Überraschende Wende
General Motors sagt Verkauf von Opel an Magna ab
Auch bei den Opel-Arbeitern stieß der Plan auf Kritik. Gesamtbetriebsratschef Klaus Franz sieht dadurch die Opel-Werke in Bochum, Kaiserslautern und Antwerpen "akut gefährdet".
Die GM-Erklärung zu Opel findest du in der Infobox!
Drei-Milliarden-Euro-Sanierung
Die Kosten für die Sanierung bezifferte GM-Chef Fritz Henderson nach vorläufigen Schätzungen auf drei Milliarden Euro. "Das ist deutlich weniger als alle Investoren-Angebote." Im September hatte das GM-Gremium noch den Verkauf von 55 Prozent der Opel-Anteile an den kanadisch-österreichischen Autozulieferer Magna und dessen russischen Partner Sberbank empfohlen. Die EU-Kommission hatte Bedenken angemeldet und GM aufgefordert, die Entscheidung zu überdenken. Magna hatte 4,5 Milliarden Euro Staatshilfen angestrebt.

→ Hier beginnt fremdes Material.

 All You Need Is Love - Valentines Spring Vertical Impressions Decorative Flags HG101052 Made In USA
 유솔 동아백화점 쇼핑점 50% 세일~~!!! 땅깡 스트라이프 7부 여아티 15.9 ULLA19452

Die deutsche Bundesregierung erwarte nun, dass GM "den Konzern Opel in seiner Leistungsfähigkeit stärkt" und "die erforderlichen Anpassungen auf ein unverzichtbares Mindestmaß begrenzt", erklärte Regierungssprecher Ulrich Wilhelm in der Nacht zum Mittwoch. Außerdem müsse der US-Konzern die Brückenfinanzierung von 1,5 Milliarden Euro fristgerecht zurückzahlen. Das Thema Opel wurde für Mittwoch auf die Tagesordnung des Kabinetts gesetzt.

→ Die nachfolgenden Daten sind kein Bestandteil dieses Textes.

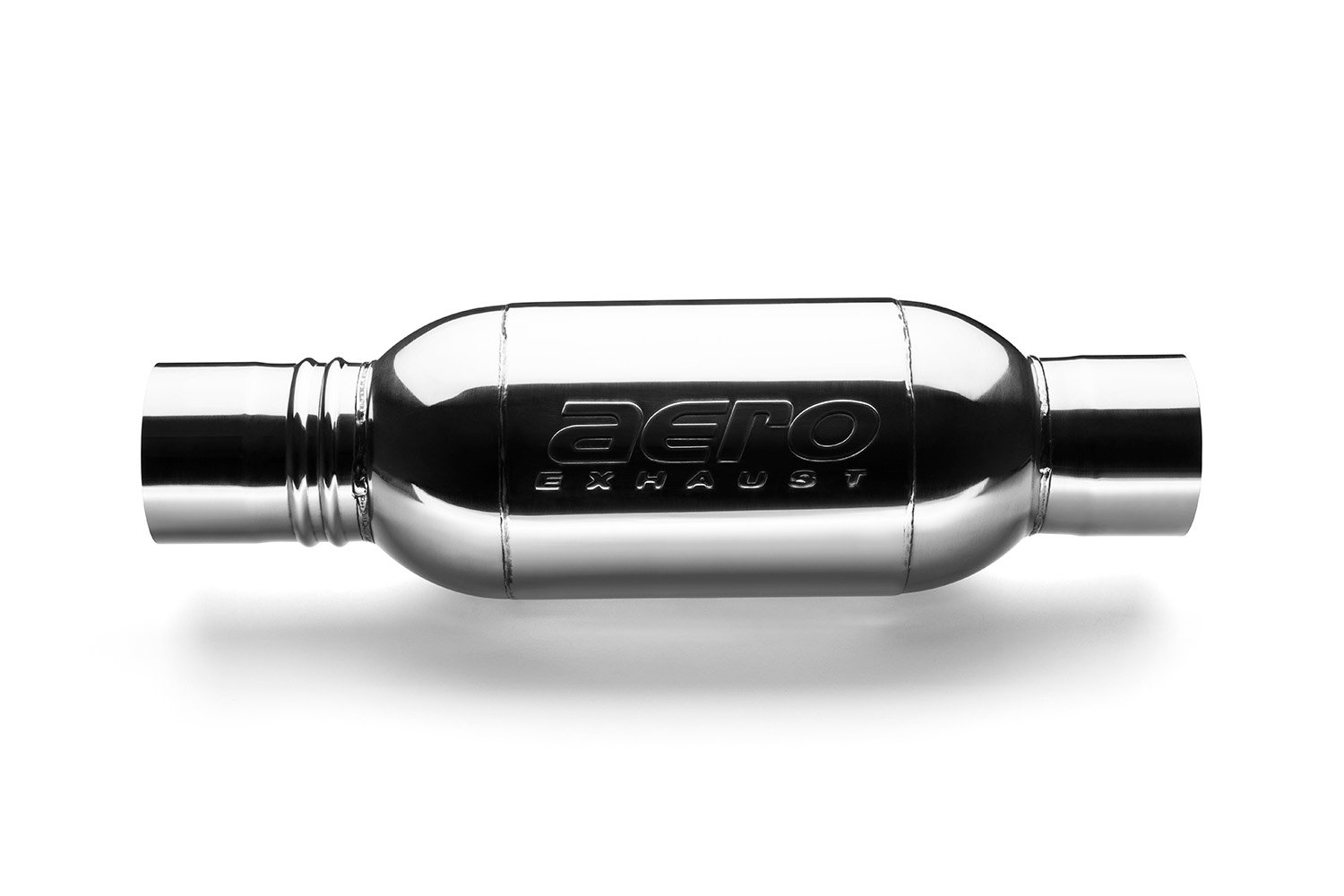 Turbine Performance Muffler, Inlet/Outlet: 3.500 in., Overall Length: 20 in. [Mirror Polished Finish]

Deutliche Schlappe für Merkel
Für Bundeskanzlerin Angela Merkel (CDU) kommt die Kehrtwende bei GM - kurz nachdem sie die seltene Ehre erfahren hatte, vor beiden Häusern des US-Kongresses zu reden - einer Niederlage gleich. Sie hatte sich persönlich für Magna stark gemacht. Auch mit US-Präsident Barack Obama hatte sie darüber gesprochen. GM war nur durch Staatshilfen gerettet worden, die US-Regierung verfügt bei dem Konzern über entscheidenden Einfluss. Die US-Regierung erklärte jedoch, sie sei an der Entscheidung nicht beteiligt gewesen.
Der hessische Ministerpräsident Roland Koch übte scharfe Kritik. "Ich bin sehr betroffen und zugleich verärgert, dass die monatelangen Bemühungen, für Opel Europa eine möglichst gute Lösung zu finden, an GM gescheitert sind", erklärte Koch. Er mache sich große Sorgen um die Zukunft des Unternehmens und seiner Arbeitsplätze.

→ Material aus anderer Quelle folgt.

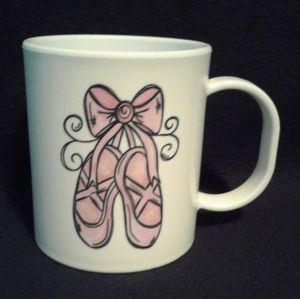 Plastic ballerina mug for kids set of 2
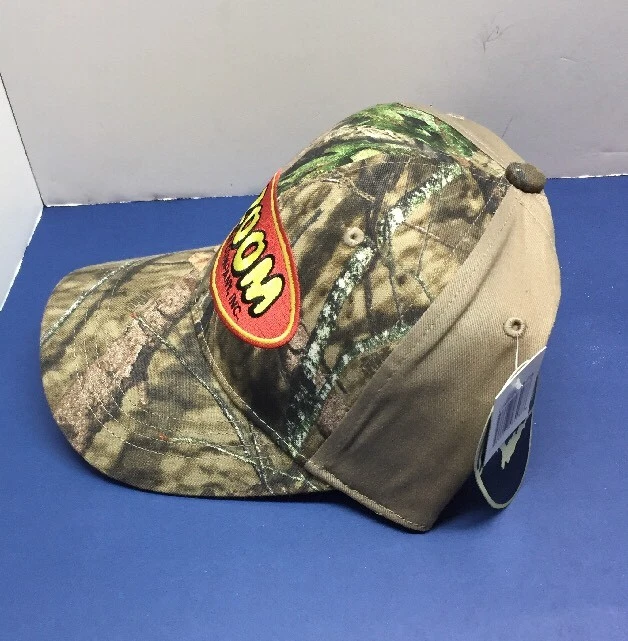 Zoom Bait Company Inc Adjustable Baseball / Trucker Fishing Hat Mossy Oak  Camo.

Die Opel-Treuhand, die 65 Prozent von Opel verwaltet, reagierte zurückhaltend. Der Beirat nehme diese Entscheidung zur Kenntnis. "Ich hoffe, auch im Interesse der Beschäftigten bei Opel, dass dieser Beschluss Opel zu neuer wirtschaftlicher Stabilität verhilft", erklärte der Vorsitzende des Beirats, Fred Irwin. Die Opelaner selbst wollen zunächst alle Zusagen über Einsparungen zurückziehen und über das weitere Vorgehen beraten. Erst kurz vor der überraschenden Entscheidung bei GM hatte der Opel-Betriebsrat den Weg freigemacht für einen Verkauf des deutschen Autobauers an Magna.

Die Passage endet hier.